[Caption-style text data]
····················

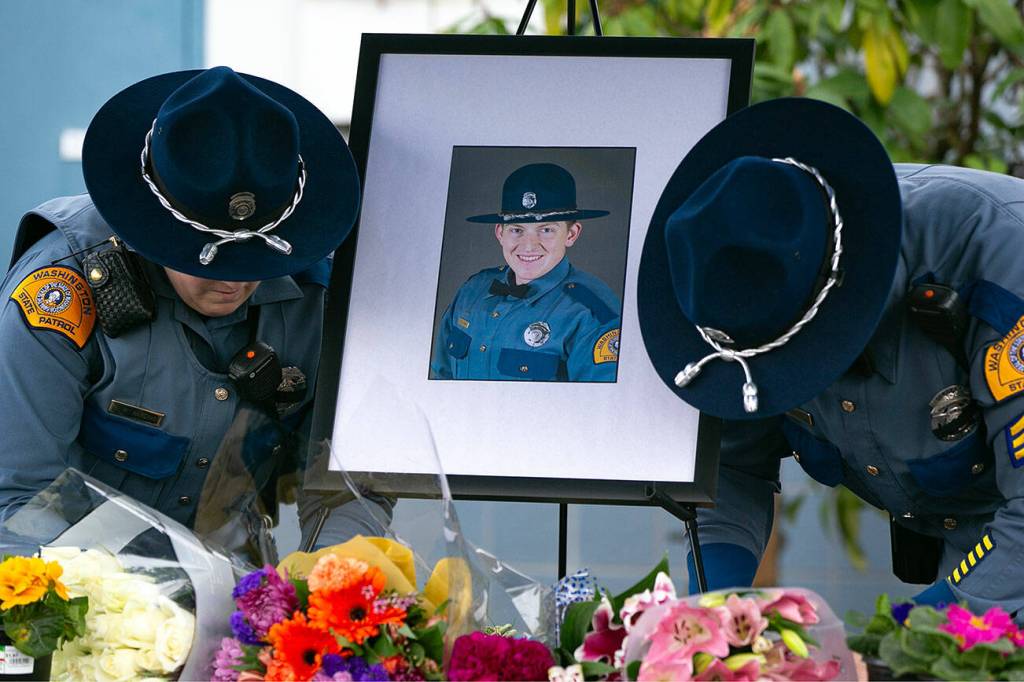 Two troopers place a photo of slain Washington State Patrol trooper Chris Gadd outside WSP District 7 Headquarters about twelve hours after Gadd was struck and killed in a collision on southbound I-5 about a mile from the headquarters in March 2024 in Marysville. (Ryan Berry / The Herald)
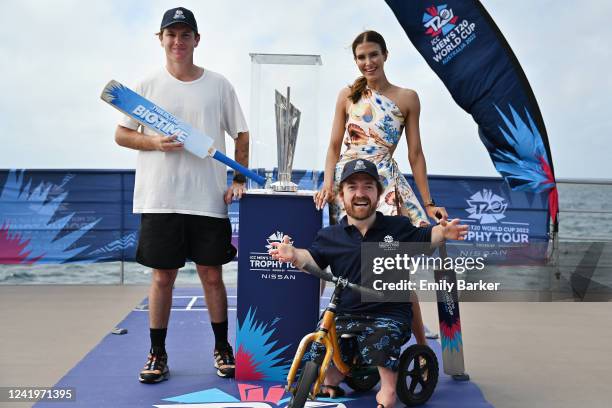 Adam Zampa, Erin Holland and Grant Scooter Patterson with the tournament trophy aboard the Reef Magic Pontoon during the ICC Men's T20 World Cup...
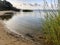 A lake with sand and grass surrounding it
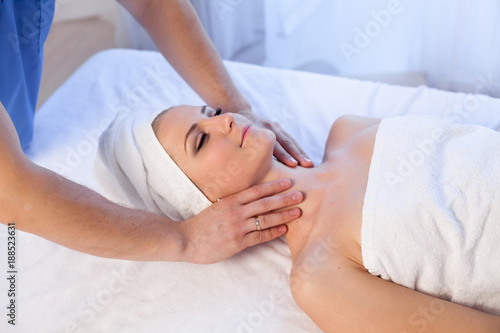 girl masseur doing massage in spa health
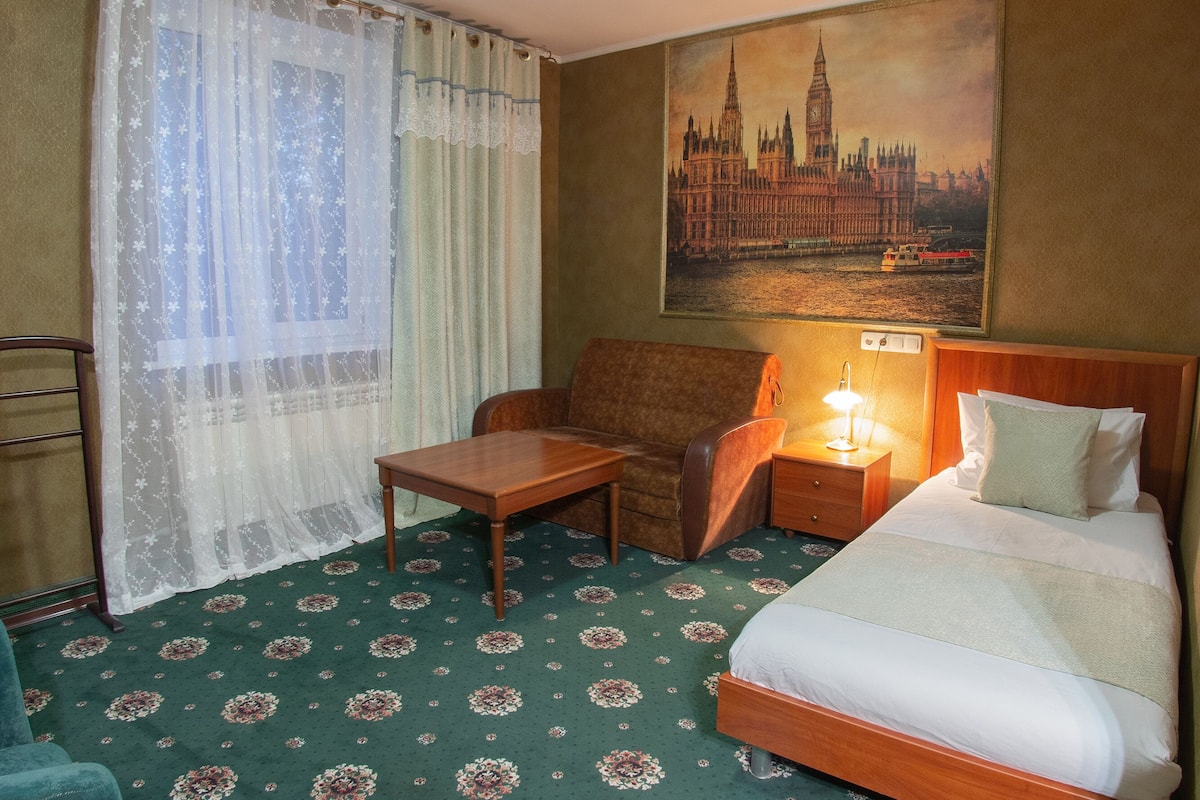 Habitación de hotel con cama, escritorio, silla, mesita de noche con lámpara, un cuadro de un paisaje urbano y alfombra estampada.
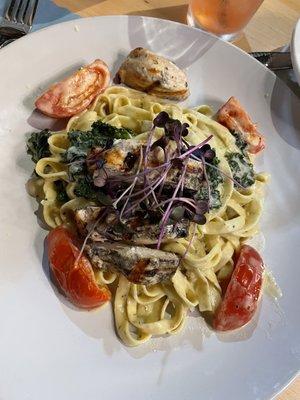 Pasta special - chicken fettuccine with tomatoes and kale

····················

● Problem details: The lines from the one with "girl masseur doing massage in spa health" to the end of the data above should be retyped exactly, both ends included, and pictures are to be left out.

● Result for this exercise:
 girl masseur doing massage in spa health
 Habitación de hotel con cama, escritorio, silla, mesita de noche con lámpara, un cuadro de un paisaje urbano y alfombra estampada.
 Pasta special - chicken fettuccine with tomatoes and kale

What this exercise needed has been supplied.